Perry’s journey was interspersed with hunger, abuse, death and summary executions. He was dehydrated by dysentery. Lack of food and water took their toll. Cramped in the train cars, the smell of body odor and rotting flesh of the wounded compounded their misery.

For Perry, Ernest Kelly, Emil Girona, Herman Driskell and Edgar Warren their torment was over. They never arrived in Manp’o Jin. Perry died on Sept. 7 and his body was discarded along the railroad tracks.

In October the remaining prisoners were placed under a brutal Korean major known only as “the Tiger” that would impose a 120 mile death march on the 758 remaining prisoners.

When the armistice was signed in August 1953, only 262 of the original 853 prisoners survived. Perry’s group of prisoners would later become known as the Tiger Survivors.

U.N. forces drove north of the 38th Parallel in early October, penetrating North Korean territory above Kaesong on Oct. 9.

Perry’s body was found by advancing American troops and he was interned at a temporary United Nations Military Cemetery outside of Pyongyang.
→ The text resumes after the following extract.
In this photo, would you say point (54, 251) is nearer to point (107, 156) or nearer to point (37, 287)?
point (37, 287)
Later when the Chinese entered the war and UN troops fell back, the cemetery fell into Chinese and North Korean hands.

During Operation Glory, the exchange of war dead between North Korea and the Allies, Perry came home. His breath free from its restless tides of war, he lies under massive water oaks in Cedar Springs not far from his Chattahoochee.

Ray Davidson died April 30, 2018. He was a syndicated columnist from Albany writing a series of columns about POW/ MIAs.